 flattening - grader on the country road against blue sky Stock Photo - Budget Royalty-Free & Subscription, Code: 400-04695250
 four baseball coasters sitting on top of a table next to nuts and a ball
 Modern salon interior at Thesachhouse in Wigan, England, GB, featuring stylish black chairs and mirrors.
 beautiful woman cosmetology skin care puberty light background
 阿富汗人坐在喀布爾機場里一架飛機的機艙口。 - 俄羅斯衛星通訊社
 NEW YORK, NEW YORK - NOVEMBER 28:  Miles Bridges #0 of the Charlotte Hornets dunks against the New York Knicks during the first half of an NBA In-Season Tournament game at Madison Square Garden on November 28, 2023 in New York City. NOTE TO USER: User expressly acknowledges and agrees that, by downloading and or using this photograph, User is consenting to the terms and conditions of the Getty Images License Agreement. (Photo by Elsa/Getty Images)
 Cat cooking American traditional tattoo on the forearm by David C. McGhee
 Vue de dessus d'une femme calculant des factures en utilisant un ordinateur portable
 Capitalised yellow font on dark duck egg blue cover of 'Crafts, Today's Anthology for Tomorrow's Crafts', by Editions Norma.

● What you should do:
Using the records above, output exactly the lines from the one containing "four baseball coasters" through the last line, and no others.

● Finished exercise:
 four baseball coasters sitting on top of a table next to nuts and a ball
 Modern salon interior at Thesachhouse in Wigan, England, GB, featuring stylish black chairs and mirrors.
 beautiful woman cosmetology skin care puberty light background
 阿富汗人坐在喀布爾機場里一架飛機的機艙口。 - 俄羅斯衛星通訊社
 NEW YORK, NEW YORK - NOVEMBER 28:  Miles Bridges #0 of the Charlotte Hornets dunks against the New York Knicks during the first half of an NBA In-Season Tournament game at Madison Square Garden on November 28, 2023 in New York City. NOTE TO USER: User expressly acknowledges and agrees that, by downloading and or using this photograph, User is consenting to the terms and conditions of the Getty Images License Agreement. (Photo by Elsa/Getty Images)
 Cat cooking American traditional tattoo on the forearm by David C. McGhee
 Vue de dessus d'une femme calculant des factures en utilisant un ordinateur portable
 Capitalised yellow font on dark duck egg blue cover of 'Crafts, Today's Anthology for Tomorrow's Crafts', by Editions Norma.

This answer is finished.